## Your assignment:
Of the lines in the material below, print only those from the one containing "26 Odessa Road, Jesup, GA, 31545" to the one containing "Kia Sportage 1,6", ends included, exactly as written and without pictures.
-------- Information supplied --------
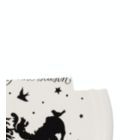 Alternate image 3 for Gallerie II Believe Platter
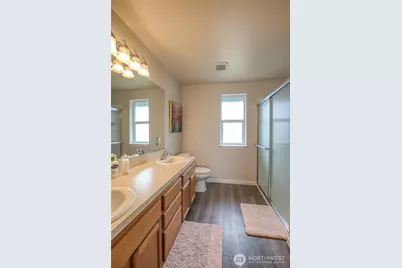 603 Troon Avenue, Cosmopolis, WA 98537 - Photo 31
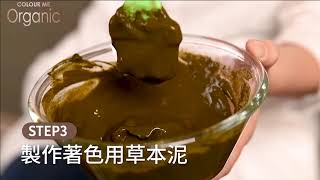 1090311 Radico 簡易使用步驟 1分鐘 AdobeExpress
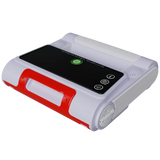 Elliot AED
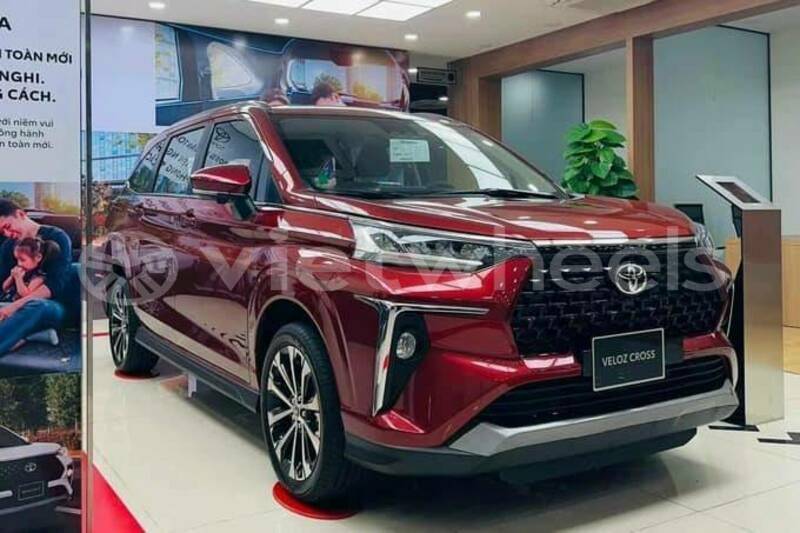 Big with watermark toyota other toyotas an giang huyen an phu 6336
--------
-------- Information supplied --------
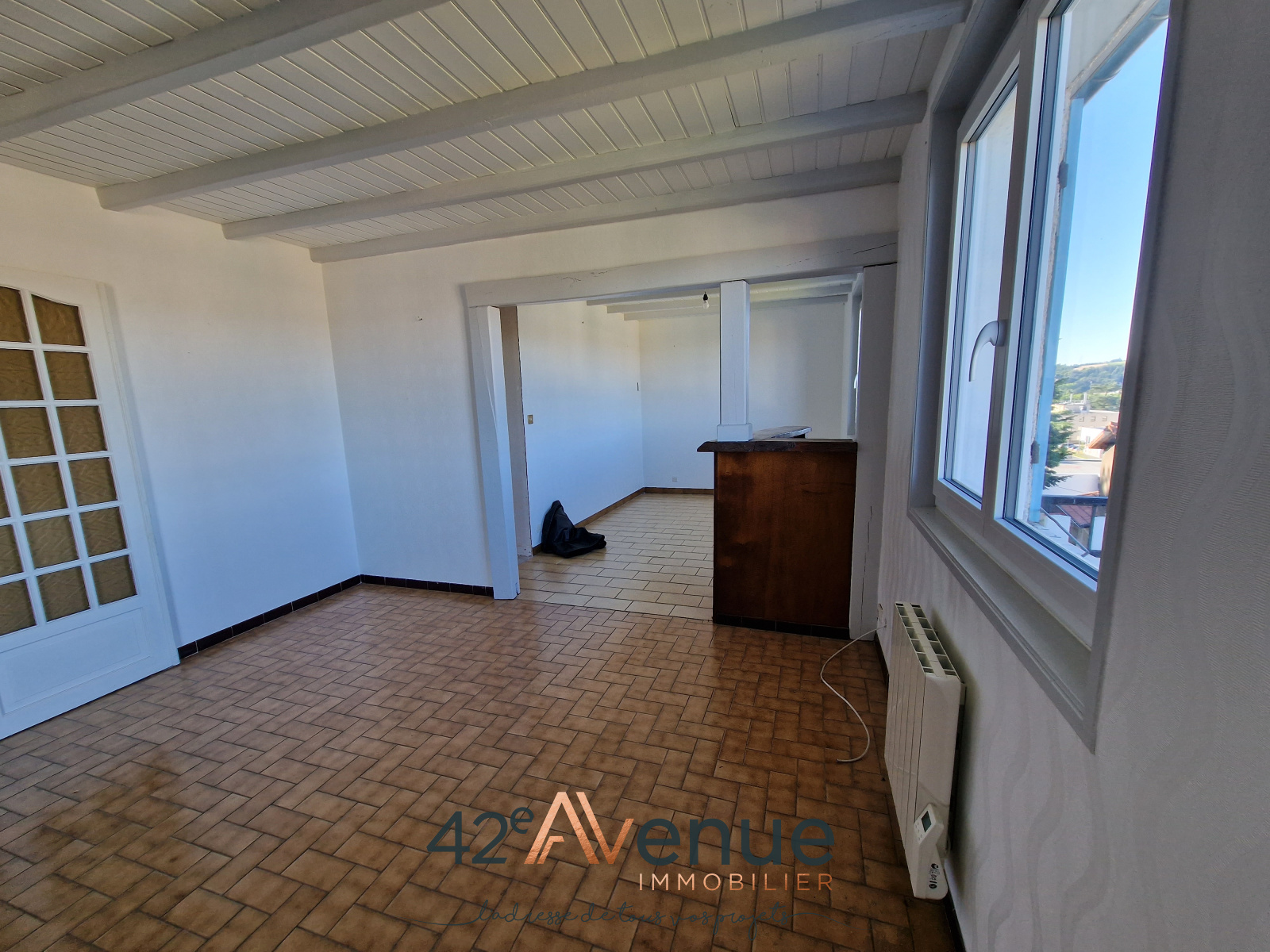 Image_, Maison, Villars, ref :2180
--------
-------- Information supplied --------
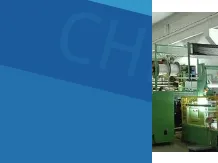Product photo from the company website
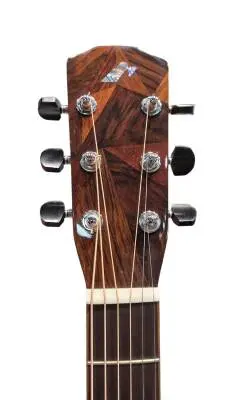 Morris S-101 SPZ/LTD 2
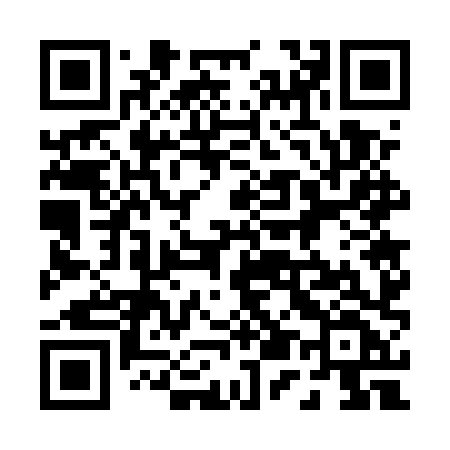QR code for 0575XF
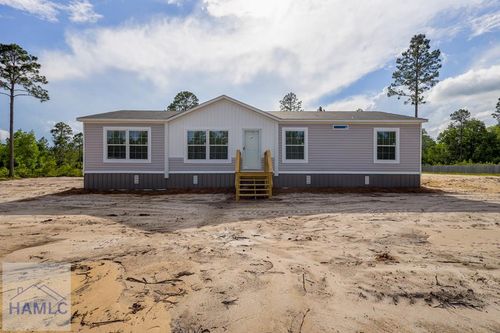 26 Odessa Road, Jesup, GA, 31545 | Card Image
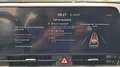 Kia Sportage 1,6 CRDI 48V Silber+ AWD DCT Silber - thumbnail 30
--------
## Response below:
 26 Odessa Road, Jesup, GA, 31545 | Card Image
 Kia Sportage 1,6 CRDI 48V Silber+ AWD DCT Silber - thumbnail 30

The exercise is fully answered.